As a Broadway play, Rabbit Hole, won the Pulitzer Prize for 2007. The film version expands the stage’s limitations, yet keeps the lyrical intensity of writer David Lindsay-Abaire’s language and the painful realism of his grief-stricken characters. It’s a flawless, small film, yet so touching that it made it to my Top Ten Best List, alongside such showy productions as Inception and Shutter Island.

You might think that a man known mostly for his campy film about a transsexual punk rocker (Hedwig And The Angry Inch) is an odd choice to direct a low-key, elegant film. It turns out John Cameron Mitchell was the perfect director for it. He masterfully adds numerous theatrical touches, including outrageous humor, to make this story about sadness surprisingly delightful and upbeat.

In the garden of a storybook-pretty house, Becca (Nicole Kidman) is planting a row of flowers.

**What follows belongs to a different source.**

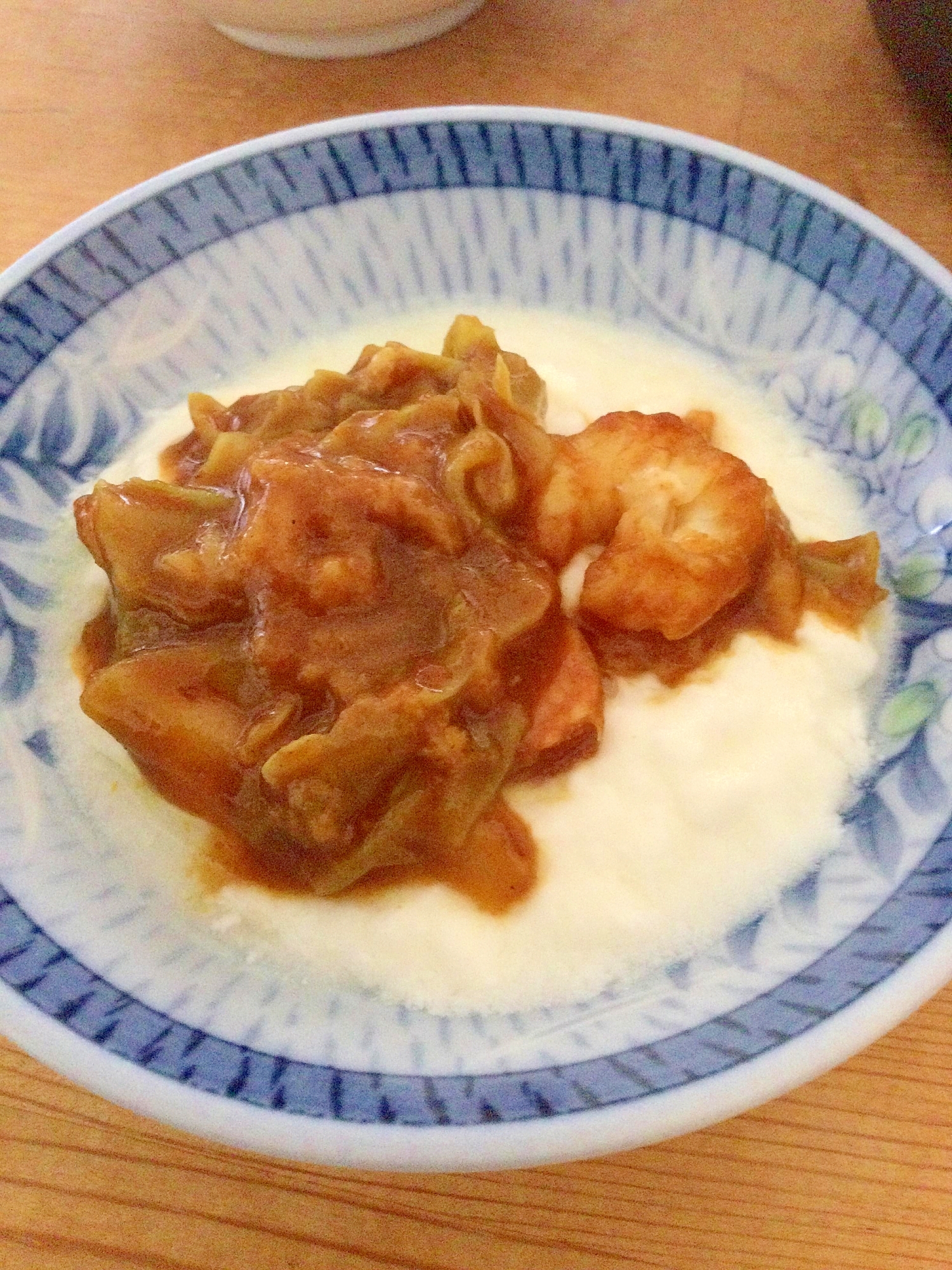 カレー乗せ☆ヨーグルト♪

Her fingers dig into the deep rich earth to place the last flower snug in its protective hole. A neighbor arrives unexpectedly, full of rehearsed cheerfulness. She accidentally steps on the flower and crushes it.

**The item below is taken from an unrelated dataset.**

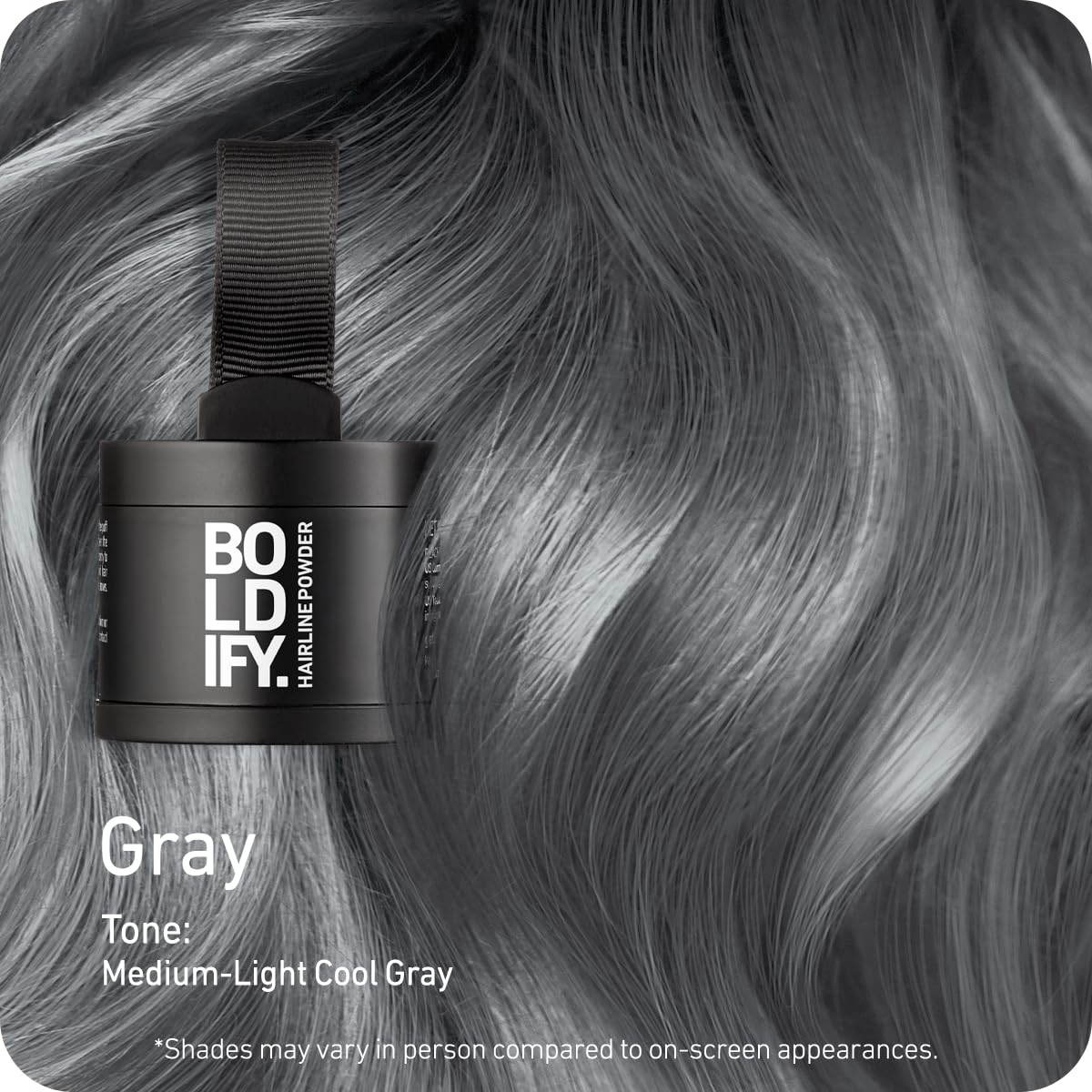 Boldify Hairline Powder, Root Touch Up Hair Color Light Blonde 4g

Becca stiffens in horror. The look that flits across her face indicates that she wants to strangle the flower killer. Instead she eases the woman out of her yard, dismissing her awkward apologies with a wan, courteous smile. Becca can’t help but look back at the broken flower, her shoulders slumped in sorrow. In these tiny moments, Nicole Kidman has let us know that this is the way Becca handles grief, by herself, with rage lurking just under the surface.

When her husband Howie (Aaron Eckhart) comes home, Becca is merrily making a gourmet meal. It smells so good, Howie tries to give her a thank-you snuggle, but she squirms away from him. From his look of misery, we know that Howie, unlike Becca, doesn’t want to keep grieving by himself. Eight months earlier their 4-year old son Danny was playing in the yard with his beloved dog. The phone rang and Becca went inside to answer it. She hadn’t noticed that Howie left the gate unlocked. The dog chased a squirrel into the street and Danny ran after him. Going a mile or two over the speed limit was a car driven by 16-year old Jason (Miles Teller). He swerved to avoid the dog, but struck and killed Danny.

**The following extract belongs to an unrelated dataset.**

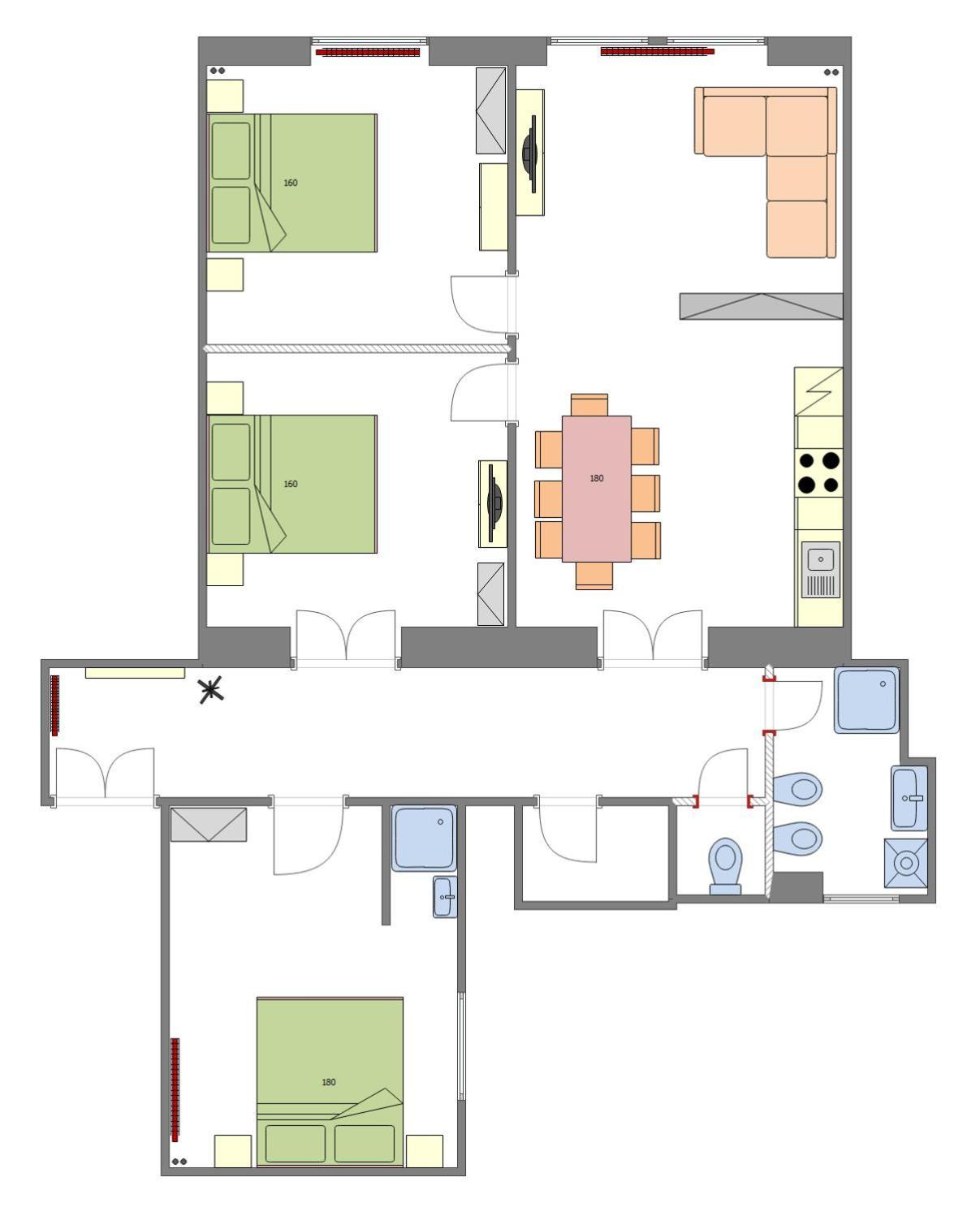 3bdr Main Square Spacious Designed Lejlighed Prag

At the group bereavement session that evening, Becca explodes at a couple who claim that God let leukemia kill their daughter because He wanted her to be an angel in heaven. “Why didn’t he just make one?” Becca yells. “Another angel? I mean, he’s God after all. Why didn’t he make another angel?”

Becca’s cruelty points out what Howie already knows. He seeks help from friends and outsiders, such as pot-smoking Gaby from the group (Sandra Oh), but no one can help Becca. Not her own sweet mother, Nat, (Dianne Weist) who, after eleven years is still grieving the loss of her 30-year old son. Nor her sister Izzy (Tammy Blanchard) who is blissfully pregnant.

Becca finds herself eerily drawn to an unlikely new friend — the teenager who killed her son. They meet in the park and talk. Jason shares with Becca the elaborate comic book he is drawing. Named “Rabbit Hole,” it’s the vivid story of a boy who goes into a parallel universe in search of his missing father. Could Becca find her own parallel universe?

Despite the tag line of the film, Becca learns that love does not get you through grief. Nor do friends or the advice of others. If you’re lucky to get it, the grace of God might help. And time, as her mother tells her, time changes the grief into something bearable, but time moves at its own pace, not yours. The only way to get through the rabbit hole of grief is to keep going.